Kalamazoo, Mich. (PRWEB) April 30, 2014
According to PBS, there are approximately 150,000 people in the United States who identify themselves as Ojibwa Indian.
In his historical fiction novel, “Saving Skunk,” Richard Roach explores the oral tradition of the Ojibwa people. Readers follow main character, Heidi, from the time of her father’s death through her journey to becoming a medicine woman and, eventually, a western doctor.
After meeting a fourth level Midewiwin, Roach gained insight into the struggle for survival and the community values treasured by the Ojibwa people. He not only shares insight into the anthropology and history of the Native Americans, but also tells an inspiring story of redemption, forgiveness and humility.
“I want my readers to know the importance of redemptive love for those who mistreat us,” Roach said. “Heidi’s story reveals that forgiveness produces healing and humility provokes wisdom.”
Roach not only touches on the values and morals of the Native American tribe, but also educates readers about the dietary plants and medicinal herbs that grew on their land.

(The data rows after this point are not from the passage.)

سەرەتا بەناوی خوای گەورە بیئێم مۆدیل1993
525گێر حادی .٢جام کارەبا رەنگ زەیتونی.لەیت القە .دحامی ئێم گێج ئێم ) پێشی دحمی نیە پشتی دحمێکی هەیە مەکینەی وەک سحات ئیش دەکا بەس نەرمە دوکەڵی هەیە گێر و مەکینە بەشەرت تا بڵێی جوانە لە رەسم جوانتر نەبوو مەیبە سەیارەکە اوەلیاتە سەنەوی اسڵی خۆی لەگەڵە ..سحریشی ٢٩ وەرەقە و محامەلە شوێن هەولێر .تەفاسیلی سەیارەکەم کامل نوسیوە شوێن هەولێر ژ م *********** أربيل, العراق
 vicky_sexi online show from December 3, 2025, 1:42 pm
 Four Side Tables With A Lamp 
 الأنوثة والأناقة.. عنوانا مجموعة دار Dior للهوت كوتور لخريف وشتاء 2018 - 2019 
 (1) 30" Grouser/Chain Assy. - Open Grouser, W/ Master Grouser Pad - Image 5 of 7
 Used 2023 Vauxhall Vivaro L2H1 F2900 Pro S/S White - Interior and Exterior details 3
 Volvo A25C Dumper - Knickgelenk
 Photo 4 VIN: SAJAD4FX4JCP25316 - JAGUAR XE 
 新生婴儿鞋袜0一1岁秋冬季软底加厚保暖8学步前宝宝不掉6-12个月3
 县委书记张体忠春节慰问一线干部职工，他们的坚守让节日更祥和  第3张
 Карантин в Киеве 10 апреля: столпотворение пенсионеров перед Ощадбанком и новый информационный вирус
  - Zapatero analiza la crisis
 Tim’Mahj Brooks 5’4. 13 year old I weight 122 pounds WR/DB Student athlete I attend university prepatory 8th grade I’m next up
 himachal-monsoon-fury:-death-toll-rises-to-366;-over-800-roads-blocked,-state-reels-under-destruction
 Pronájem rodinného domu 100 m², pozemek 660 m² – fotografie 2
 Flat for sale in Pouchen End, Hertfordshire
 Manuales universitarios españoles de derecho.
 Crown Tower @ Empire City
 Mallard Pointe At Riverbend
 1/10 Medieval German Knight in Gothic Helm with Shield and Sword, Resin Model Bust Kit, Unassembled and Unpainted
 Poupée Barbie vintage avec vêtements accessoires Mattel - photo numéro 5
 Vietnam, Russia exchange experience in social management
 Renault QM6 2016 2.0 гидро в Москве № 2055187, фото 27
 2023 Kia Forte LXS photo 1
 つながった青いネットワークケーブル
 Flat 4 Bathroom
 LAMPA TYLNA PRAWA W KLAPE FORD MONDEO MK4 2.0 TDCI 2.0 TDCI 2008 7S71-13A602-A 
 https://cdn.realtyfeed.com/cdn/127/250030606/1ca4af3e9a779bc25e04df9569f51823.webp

Roach, a professor of medicine and an experienced outdoors guide, hopes that this unforgettable tale will reveal to readers the importance of healing and the power of forgiveness.
By Richard Roach
Available at Amazon, Barnes and Noble and iUniverse online book stores.
About the Author
Richard Roach was born and raised in northern Minnesota. After guiding canoe trips in college, he entered medical school and became a physician. He has also taught tropical medicine in Madagascar for more than 10 years. Roach currently resides in Kalamazoo, Mich. with his wife and children where he is an assistant professor of medicine at Western Michigan University School of Medicine.